In preparation for attempting the Rugged Maniac next week, a 25-obstacle 5K course, I have a very complex training plan! My plan is eat less “junk food,” and move more! That’s it. The KISS (keep it simple stupid) method of operation. This plan is the best for me because I know that the more arduous, rigid, or complicated I make my plan of action, the less likely I am to stick to it. There are too many variables in life every day to plan things so specifically in advance which is part of the reason diets do not work.
Part of my goal with eating less junk food is to hopefully lose a few pounds because I want to reduce how much I have to carry and lift throughout the course. I have to continue to fuel my days though with protein to keep my metabolism running strong.
As far as movement, moving more makes ANYTHING an accomplishment. It could be parking as far away from the store as possible to walk a bit more, taking an extra flight of stairs, playing more intensely with the kids at the park and so on. In addition, I am trying to swim every day possible between now and the event. I am adding in as much strength training as possible while still allowing recovery time.

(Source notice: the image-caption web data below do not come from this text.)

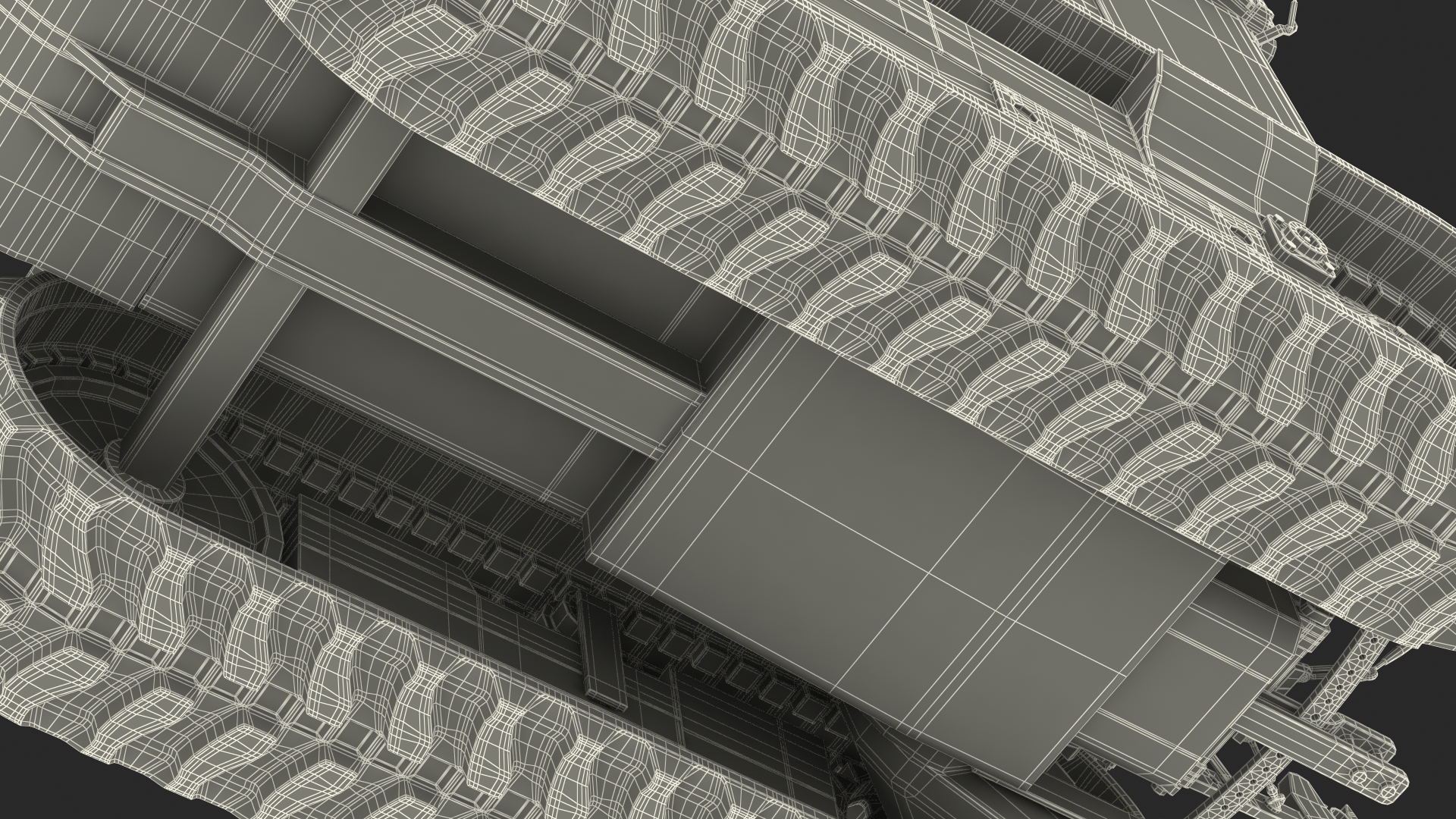 Tracked Tractor Cabin Dirty 3D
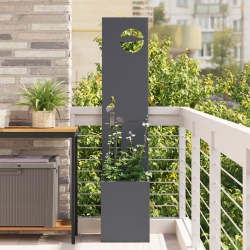 Kerti cserepes növény tartó dekoratív panellel antracit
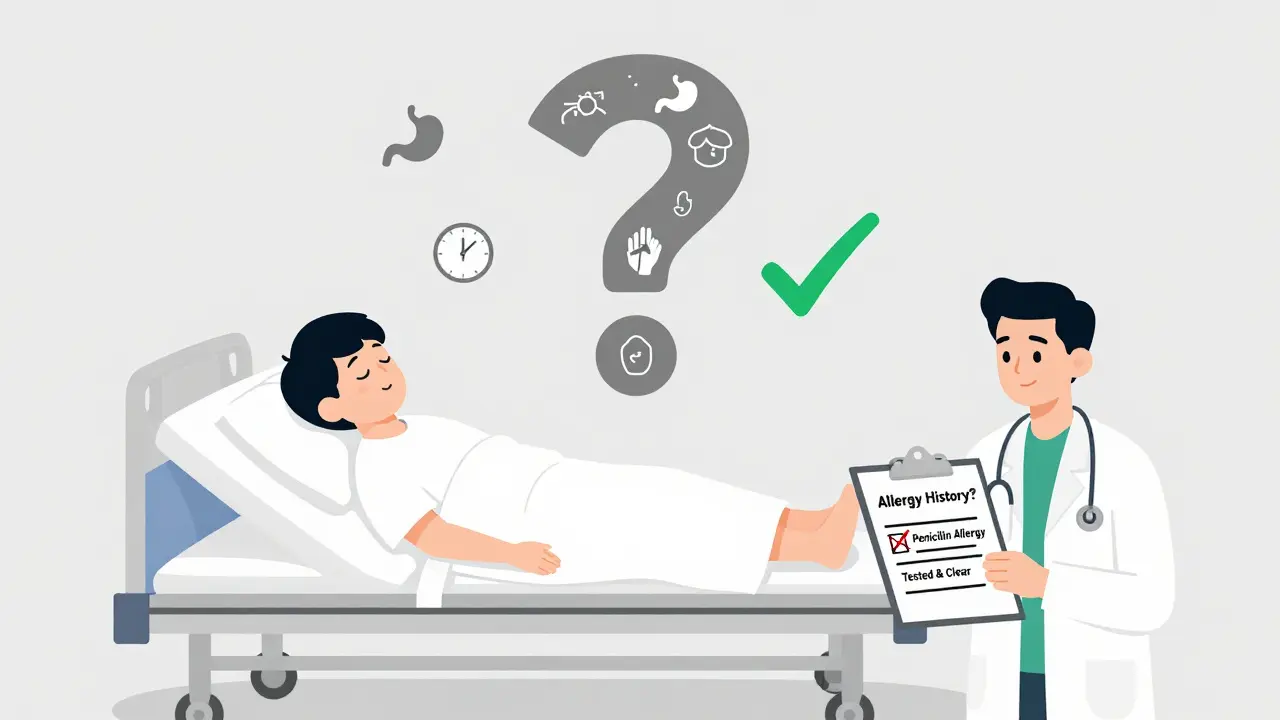Patient in hospital bed with floating question mark filled with allergy symbols and corrected label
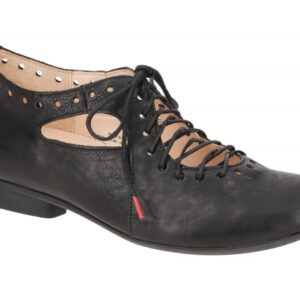 Think 3-000565 Schwarz Echtleder Schn?r-Halbschuhe mit anatomischem Kork-Late...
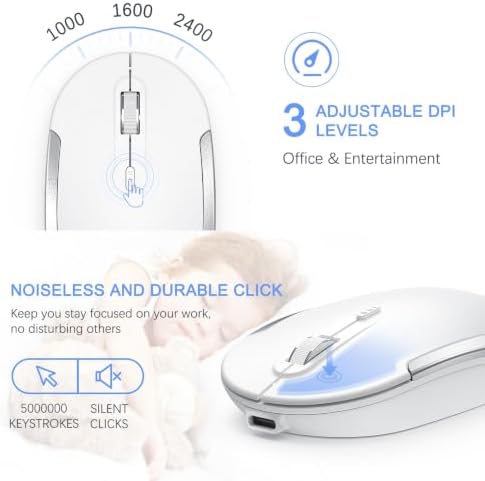 Vssoplor Wireless Keyboard and Mouse, Rechargeable Ultra Slim, White Silver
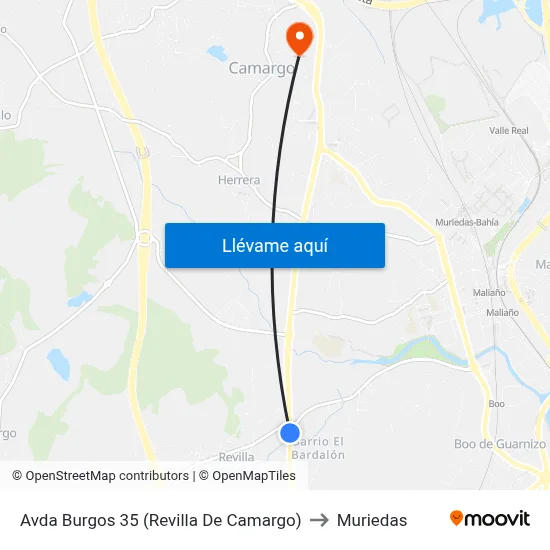 Avda Burgos 35 (Revilla De Camargo) to Muriedas map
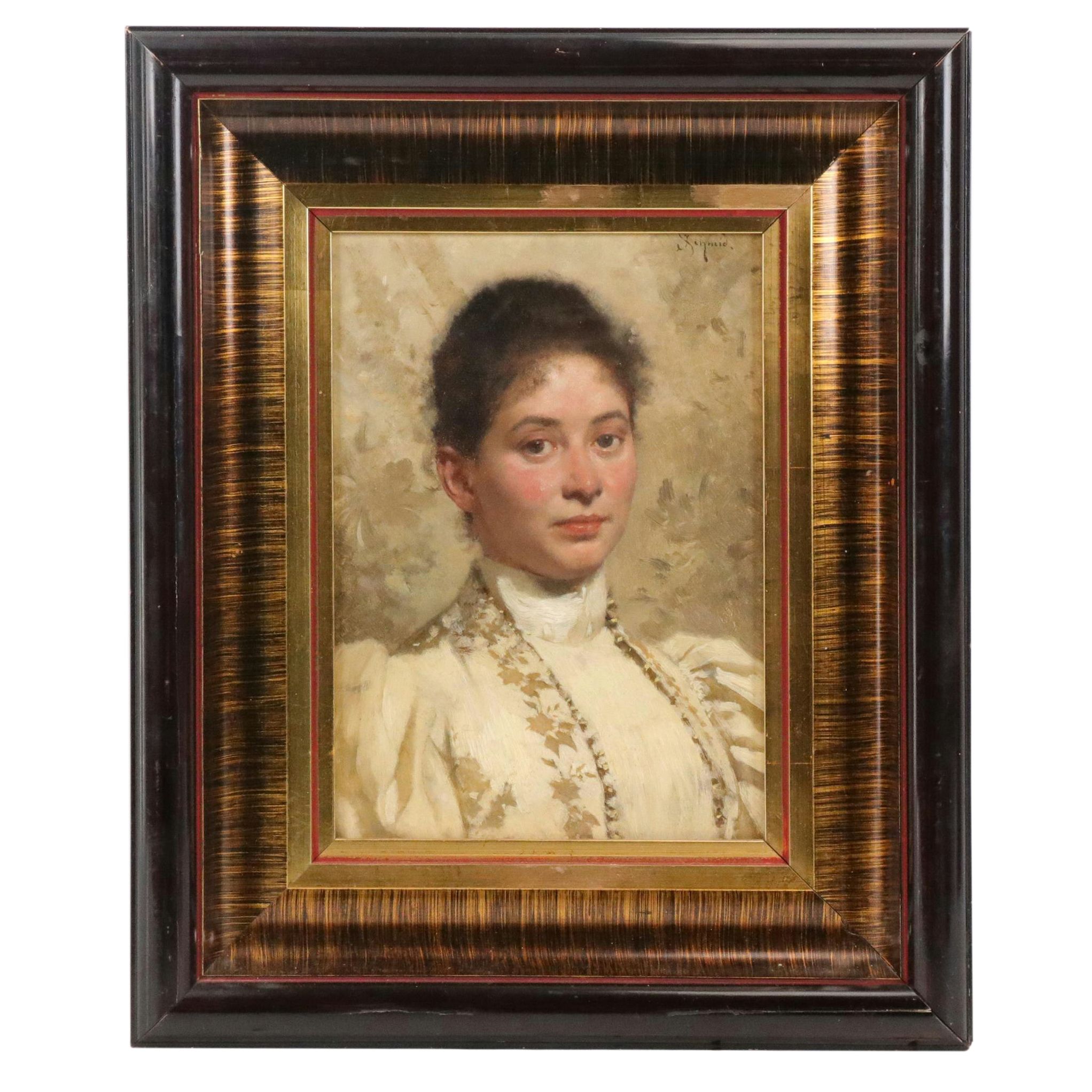 Julius Schmid Portrait Oil Painting of a Lady, Circa 1900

I also hope to go back to the obstacle course facility to practice them more, but that will only work if I can find a babysitter which is always a challenge. That is an example of why committing to do something so specific is setting myself up for failure. If I cannot find a babysitter, I cannot go during their available hours and I should not feel like I failed to maintain my commitment for something that was beyond my control. In any plan, but particularly nutrition and exercise plans, flexibility, grace and compassion are key. We do the best that we can.